▸ **Dataset**
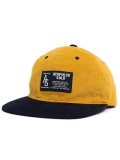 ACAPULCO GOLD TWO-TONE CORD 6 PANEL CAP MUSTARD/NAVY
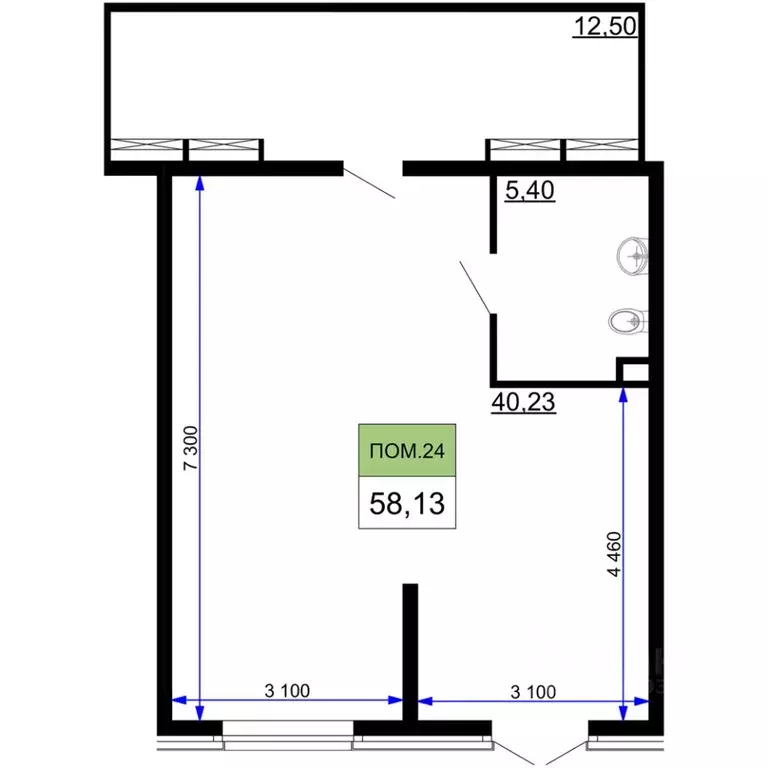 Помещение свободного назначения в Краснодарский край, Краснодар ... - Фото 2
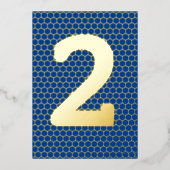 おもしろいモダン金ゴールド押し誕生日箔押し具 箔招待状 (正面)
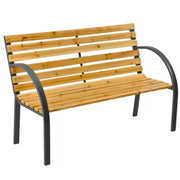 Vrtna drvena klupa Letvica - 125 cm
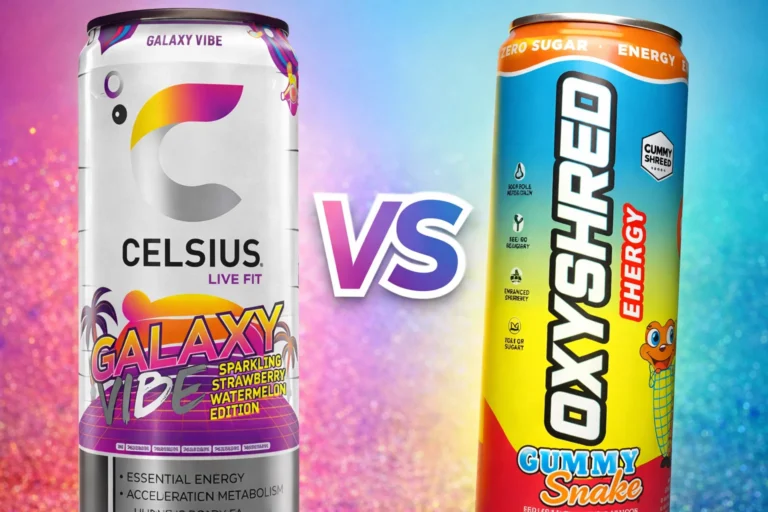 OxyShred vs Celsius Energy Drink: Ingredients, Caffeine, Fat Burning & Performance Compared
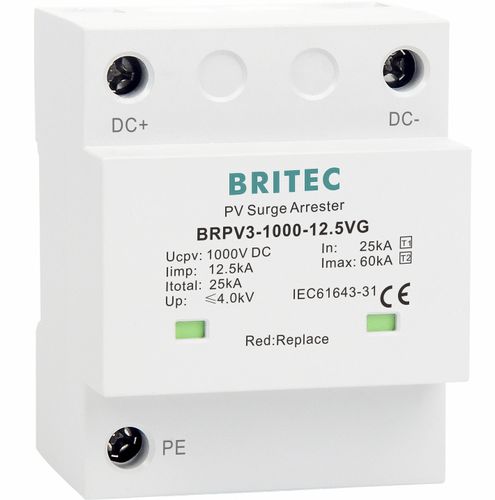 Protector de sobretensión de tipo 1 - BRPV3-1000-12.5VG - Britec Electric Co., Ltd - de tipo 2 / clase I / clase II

==

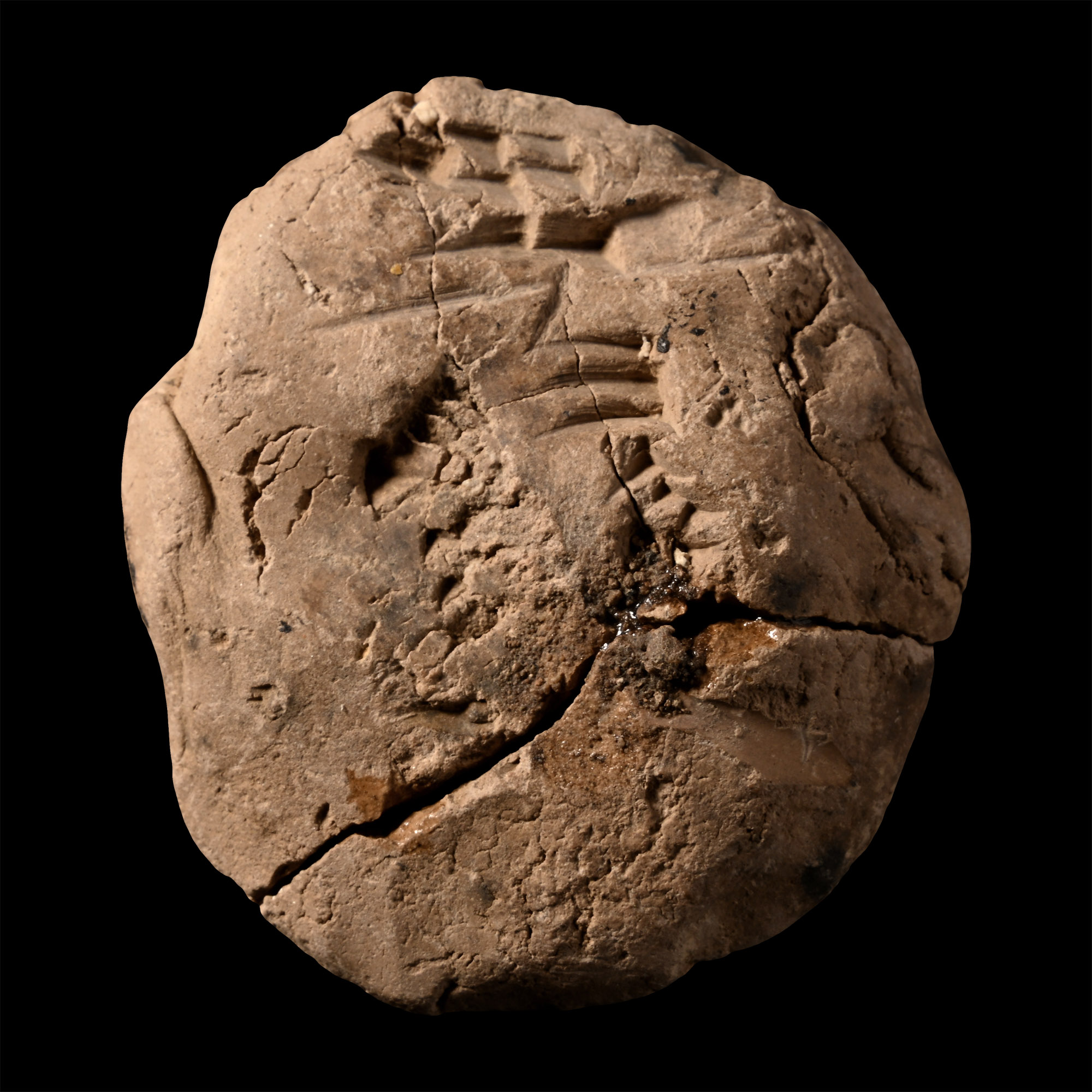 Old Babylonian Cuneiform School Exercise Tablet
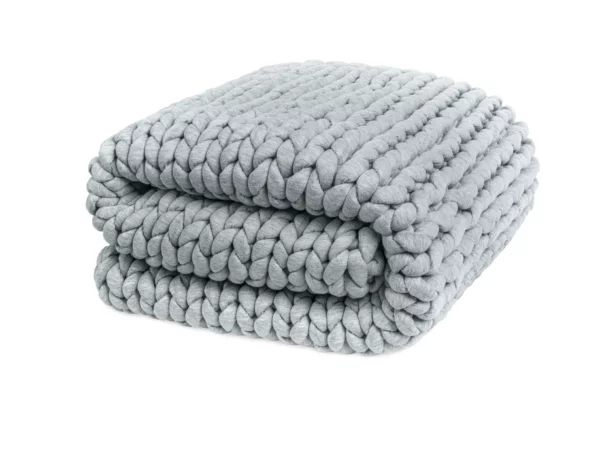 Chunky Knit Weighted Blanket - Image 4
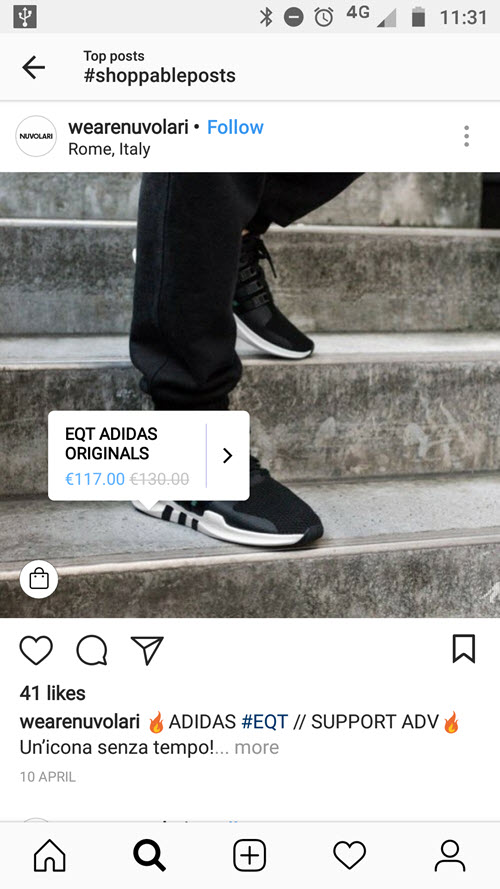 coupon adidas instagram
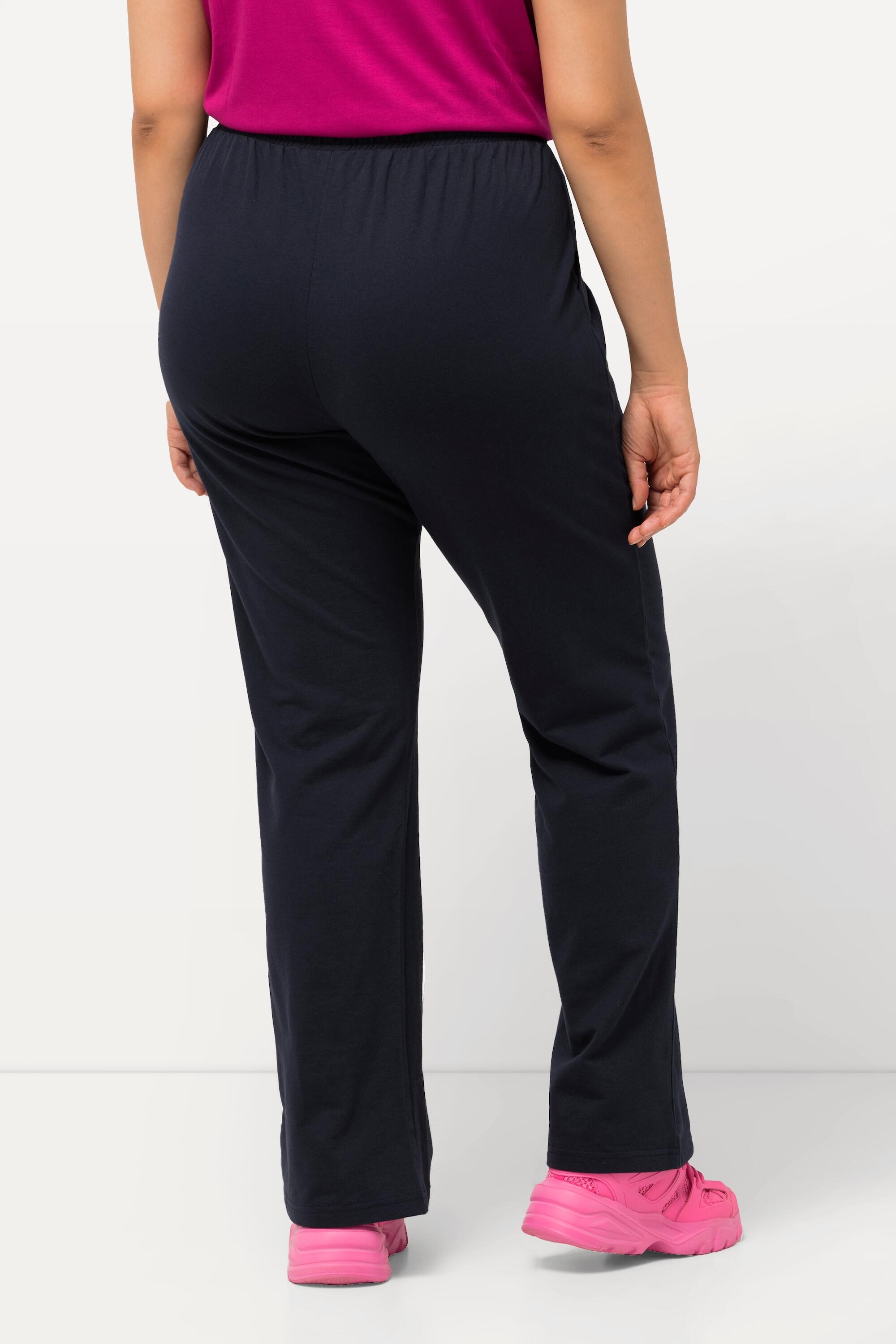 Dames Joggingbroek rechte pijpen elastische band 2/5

...

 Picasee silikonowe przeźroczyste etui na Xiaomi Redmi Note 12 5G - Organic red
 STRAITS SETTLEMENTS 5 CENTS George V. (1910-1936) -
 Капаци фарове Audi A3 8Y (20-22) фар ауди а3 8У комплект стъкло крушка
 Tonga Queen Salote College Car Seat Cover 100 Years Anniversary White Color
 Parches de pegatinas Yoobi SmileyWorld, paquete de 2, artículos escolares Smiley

▸ **Work required**
All that is wanted is the stretch of lines above from the one containing "Капаци фарове Audi" through the one containing "Parches de pegatinas", duplicated exactly.

▸ **Output for this exercise**
 Капаци фарове Audi A3 8Y (20-22) фар ауди а3 8У комплект стъкло крушка
 Tonga Queen Salote College Car Seat Cover 100 Years Anniversary White Color
 Parches de pegatinas Yoobi SmileyWorld, paquete de 2, artículos escolares Smiley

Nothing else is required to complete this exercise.